Please work out how many lines in the data below hold the word "Drive", and state only the number.

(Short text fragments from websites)
####################

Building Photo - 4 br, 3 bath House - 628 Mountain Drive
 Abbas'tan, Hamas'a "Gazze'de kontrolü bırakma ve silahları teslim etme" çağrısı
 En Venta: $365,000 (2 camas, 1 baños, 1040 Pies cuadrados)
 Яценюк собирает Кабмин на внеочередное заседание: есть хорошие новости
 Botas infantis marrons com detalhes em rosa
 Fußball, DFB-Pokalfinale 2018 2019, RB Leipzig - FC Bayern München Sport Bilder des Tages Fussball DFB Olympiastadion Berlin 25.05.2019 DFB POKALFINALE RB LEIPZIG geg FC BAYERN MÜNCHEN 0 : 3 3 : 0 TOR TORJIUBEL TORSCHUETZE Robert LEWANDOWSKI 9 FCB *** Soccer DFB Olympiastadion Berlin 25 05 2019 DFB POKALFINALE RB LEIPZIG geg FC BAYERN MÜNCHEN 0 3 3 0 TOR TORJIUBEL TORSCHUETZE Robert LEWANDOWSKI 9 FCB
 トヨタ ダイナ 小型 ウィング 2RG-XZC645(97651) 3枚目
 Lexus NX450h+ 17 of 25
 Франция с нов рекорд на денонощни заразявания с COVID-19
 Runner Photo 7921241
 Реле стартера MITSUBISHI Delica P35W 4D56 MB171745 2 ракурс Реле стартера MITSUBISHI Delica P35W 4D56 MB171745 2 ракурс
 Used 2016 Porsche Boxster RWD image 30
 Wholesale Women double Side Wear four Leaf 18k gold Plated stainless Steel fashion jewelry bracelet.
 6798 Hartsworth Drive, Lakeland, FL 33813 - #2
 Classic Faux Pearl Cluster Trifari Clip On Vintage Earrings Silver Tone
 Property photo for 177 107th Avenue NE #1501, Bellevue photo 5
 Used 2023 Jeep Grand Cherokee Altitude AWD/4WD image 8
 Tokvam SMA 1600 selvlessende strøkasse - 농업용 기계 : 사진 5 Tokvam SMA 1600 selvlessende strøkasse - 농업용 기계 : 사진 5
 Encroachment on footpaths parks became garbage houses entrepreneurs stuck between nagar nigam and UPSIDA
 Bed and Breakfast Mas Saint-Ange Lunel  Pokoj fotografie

####################

** Your solution **
2